This is a good article on Aish.com which is written by a woman who returned to Judaism and learned to love the mikvah...
http://www.aish.com/ci/w/48960916.html
Taking the Spiritual Dive
by Mindy McLeesMikvah for the thoroughly modern woman
I began my married life with a non-Jewish husband, an ambitious nature, a college degree, and a bit of an attitude. Sure, I was a spiritual person, although I couldn't define spirituality for you, except to say it was a character trait that you either had or didn't have. It was something you just felt. It meant being a good person and having the ability to empathize when something bad happened, the ability to make a nice toast at Thanksgiving, the ability to feel sad at a sad movie. That didn't have anything to do with G-d, right?
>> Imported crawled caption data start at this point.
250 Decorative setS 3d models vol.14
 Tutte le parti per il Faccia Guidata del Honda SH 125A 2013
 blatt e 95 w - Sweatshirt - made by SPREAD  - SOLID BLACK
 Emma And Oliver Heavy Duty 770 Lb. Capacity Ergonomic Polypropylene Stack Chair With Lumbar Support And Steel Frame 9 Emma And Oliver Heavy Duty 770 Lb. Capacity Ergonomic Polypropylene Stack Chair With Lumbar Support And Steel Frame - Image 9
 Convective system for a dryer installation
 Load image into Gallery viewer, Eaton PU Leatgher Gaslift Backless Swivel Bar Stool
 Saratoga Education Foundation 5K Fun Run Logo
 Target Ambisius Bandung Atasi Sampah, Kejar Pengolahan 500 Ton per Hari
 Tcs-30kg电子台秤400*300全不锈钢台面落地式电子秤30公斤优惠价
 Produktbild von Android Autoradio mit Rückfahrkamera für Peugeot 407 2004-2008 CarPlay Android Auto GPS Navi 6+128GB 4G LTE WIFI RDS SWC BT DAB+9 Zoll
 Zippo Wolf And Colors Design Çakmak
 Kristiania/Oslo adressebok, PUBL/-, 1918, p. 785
In his 30's my husband, a business executive, had a premature mid-life crisis. Unlike some men, my husband's crisis was one of faith and spirituality (there is that word again) and did not include a red sports car. My husband found Judaism and was searching a spiritual path that would eventually lead to a Conservative and then an Orthodox conversion.
In beginning my own spiritual quest, I found myself sitting unexpectedly with two women who were learning with an Orthodox rebbetzin about the Mikvah, the Jewish ritual bath. I was there by accident. I didn't pick the topic. At first, I really had no idea what we were learning. I liked the rebbetzin. Very quickly, I found l liked the women.
Like me, these women were not from religious backgrounds. They were smart and funny, and we laughed our way through this intimate class. We were discussing our spiritual love lives. It was not unlike an episode of a certain infamous TV show set in New York City. We were just four women talking. Sure, we were not drinking Cosmopolitans and we were sitting in a shul, but hey, we were being real and there were no cameras recording us.
JUST SAY NO
I was being introduced to an ancient approach to marital harmony -- a truly kosher approach to intimacy: the mitzvah of Taharat HaMishpacha or Family Purity. It wasn't at all what I thought. It didn't include any of the angry repressive ideas that I had heard about from my grandmother. It was a loving approach to intimacy that did not demean the participants or generate guilty feelings about our bodies. What a revelation.
Simply put, it's a system of some "no physical contact" days every month during the time a woman menstruates plus another seven days, followed by immersion in the waters of the mikvah. That means a minimum of 12 days without any touching. Oy. That's a long time. Why would a modern, married woman impose such a system on herself, not to mention her "happy-with-the-way-it-is-now" husband? Limiting physical intimacy, at first, seems counterproductive. How would it affect my marriage?
For several weeks, the four of us gathered in the shul to learn about the mitzvah. None of us had committed to actually going into the mikvah. I kept repeating that I was there just for the learning and the company, not for the how-to part. Um, I don't need this stuff thank you, but it started to sound good.
Then there was learning all the information about the mikvah dip itself. I went to see the mikvah in our community and it was beautiful. It wasn't like a black pit under the shul; it was like a women's spa.
The claim was that Taharat HaMishpacha did wonders in recapturing the magic of being newlyweds and maintaining freshness and romance in marriage. Eventually I was intrigued enough to decide to take the plunge.